You are barking up the wrong tree.
The flaw in Microsoft IIS is, that it's server-side session cache is
somehow broken. Once it has forced the client through a renegotiate,
it should memorize what the client sent as response to the
CertificateRequest message (either a client cert or the indication
that it doesn't have one or doesn't want to send one).
The way it is currently implemented in IIS, it will force the
client through a renegotiate on every SSL resume.
I never checked how other clients deal with a server that asks
them to do a renegotiate in order to ask for a client certificate.

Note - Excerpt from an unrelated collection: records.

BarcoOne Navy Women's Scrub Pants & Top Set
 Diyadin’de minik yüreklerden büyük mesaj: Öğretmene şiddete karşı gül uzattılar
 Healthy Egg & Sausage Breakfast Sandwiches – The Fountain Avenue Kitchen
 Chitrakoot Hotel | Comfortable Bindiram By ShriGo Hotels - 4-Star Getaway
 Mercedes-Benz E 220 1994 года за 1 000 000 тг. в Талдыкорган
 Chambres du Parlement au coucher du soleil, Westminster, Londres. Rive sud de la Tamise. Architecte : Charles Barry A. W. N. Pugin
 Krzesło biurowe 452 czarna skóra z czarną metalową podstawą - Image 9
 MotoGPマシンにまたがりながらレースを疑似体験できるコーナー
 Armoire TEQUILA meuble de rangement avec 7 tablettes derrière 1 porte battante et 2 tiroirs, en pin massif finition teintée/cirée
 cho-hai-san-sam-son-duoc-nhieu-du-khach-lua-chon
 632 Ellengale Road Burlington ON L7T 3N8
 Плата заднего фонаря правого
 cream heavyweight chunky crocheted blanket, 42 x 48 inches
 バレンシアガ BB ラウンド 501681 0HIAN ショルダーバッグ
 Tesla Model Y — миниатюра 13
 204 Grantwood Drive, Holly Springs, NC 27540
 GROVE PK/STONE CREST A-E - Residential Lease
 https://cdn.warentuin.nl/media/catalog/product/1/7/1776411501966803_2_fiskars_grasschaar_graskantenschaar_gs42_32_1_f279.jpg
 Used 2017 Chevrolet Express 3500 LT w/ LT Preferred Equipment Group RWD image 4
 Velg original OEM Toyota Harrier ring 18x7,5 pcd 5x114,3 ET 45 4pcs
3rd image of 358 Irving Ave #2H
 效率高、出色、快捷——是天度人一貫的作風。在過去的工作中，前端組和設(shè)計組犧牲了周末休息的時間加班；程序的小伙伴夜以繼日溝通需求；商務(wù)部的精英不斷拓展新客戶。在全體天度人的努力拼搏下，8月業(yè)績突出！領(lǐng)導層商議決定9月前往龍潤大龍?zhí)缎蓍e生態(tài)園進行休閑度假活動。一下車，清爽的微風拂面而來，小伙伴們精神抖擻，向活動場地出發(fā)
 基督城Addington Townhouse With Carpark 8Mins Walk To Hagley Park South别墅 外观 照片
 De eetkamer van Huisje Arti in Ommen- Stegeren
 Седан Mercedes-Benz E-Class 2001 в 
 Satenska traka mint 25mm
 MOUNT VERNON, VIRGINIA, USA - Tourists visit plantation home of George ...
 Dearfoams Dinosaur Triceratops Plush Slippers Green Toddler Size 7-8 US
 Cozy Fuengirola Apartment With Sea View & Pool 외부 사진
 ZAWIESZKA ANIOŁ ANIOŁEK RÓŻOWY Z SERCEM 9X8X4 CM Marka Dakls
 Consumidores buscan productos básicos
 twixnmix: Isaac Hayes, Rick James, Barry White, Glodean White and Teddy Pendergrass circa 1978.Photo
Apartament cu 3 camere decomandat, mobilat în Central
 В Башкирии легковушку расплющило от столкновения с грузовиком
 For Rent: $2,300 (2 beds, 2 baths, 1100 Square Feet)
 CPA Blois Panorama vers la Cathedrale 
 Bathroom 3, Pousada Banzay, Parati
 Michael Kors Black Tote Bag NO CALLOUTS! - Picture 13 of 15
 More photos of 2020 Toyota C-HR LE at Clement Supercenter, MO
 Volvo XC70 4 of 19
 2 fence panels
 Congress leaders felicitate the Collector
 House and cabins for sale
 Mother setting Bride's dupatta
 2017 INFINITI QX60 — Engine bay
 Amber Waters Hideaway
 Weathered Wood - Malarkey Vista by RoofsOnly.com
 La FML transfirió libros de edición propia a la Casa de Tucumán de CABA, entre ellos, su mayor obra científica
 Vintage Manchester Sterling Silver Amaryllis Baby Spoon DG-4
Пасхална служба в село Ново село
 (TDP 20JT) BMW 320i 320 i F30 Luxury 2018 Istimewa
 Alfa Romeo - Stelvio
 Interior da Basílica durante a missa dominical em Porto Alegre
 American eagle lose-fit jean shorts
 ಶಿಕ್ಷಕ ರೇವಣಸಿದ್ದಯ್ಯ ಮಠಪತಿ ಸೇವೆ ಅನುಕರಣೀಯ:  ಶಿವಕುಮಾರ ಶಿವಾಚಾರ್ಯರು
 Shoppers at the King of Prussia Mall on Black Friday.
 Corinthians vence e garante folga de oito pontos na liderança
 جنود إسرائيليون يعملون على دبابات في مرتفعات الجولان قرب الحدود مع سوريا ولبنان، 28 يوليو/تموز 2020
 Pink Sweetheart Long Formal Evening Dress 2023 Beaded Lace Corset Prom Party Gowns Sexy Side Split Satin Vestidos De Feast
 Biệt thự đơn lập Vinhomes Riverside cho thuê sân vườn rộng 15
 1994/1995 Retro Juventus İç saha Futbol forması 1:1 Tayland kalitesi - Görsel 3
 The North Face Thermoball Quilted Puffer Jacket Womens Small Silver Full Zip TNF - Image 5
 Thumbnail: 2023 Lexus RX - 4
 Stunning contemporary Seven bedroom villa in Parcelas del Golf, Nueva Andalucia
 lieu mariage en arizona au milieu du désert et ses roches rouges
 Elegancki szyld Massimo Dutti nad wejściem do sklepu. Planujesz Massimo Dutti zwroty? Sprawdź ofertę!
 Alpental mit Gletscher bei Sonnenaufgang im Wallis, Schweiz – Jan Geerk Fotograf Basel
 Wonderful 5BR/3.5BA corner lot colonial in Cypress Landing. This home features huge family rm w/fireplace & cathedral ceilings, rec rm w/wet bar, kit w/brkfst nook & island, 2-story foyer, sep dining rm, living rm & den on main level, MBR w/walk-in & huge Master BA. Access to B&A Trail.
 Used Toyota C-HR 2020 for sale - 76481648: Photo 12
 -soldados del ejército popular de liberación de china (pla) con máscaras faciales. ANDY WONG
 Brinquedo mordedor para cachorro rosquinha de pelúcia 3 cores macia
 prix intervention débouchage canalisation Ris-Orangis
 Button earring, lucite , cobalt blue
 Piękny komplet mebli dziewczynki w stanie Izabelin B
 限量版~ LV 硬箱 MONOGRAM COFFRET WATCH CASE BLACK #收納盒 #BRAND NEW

Since a renegotiate will ALWAYS result in an entirely new TLS session
by performing a full TLS handshake, a sensible client should replace
the previously cached session with the re-negotiated one in the
client-side cache. A server with a correctly working server-side
session cache will find the reply to the CertificateRequest from
the regenotiation if that session is later resumed on a new
connection and does not need to force a renegotiate when
a client proposes a TLS session resume over a new network
connection (which is what Microsoft IIS currently does).
This strange behaviour of Microsoft IIS only applies for the
renegotiation configuration. IIRC, when Microsoft IIS is
configured to always ask for the client certificate, it will
do so in the initial TLS handshake and correctly use the memorized
answer of the client on later TLS session resumes.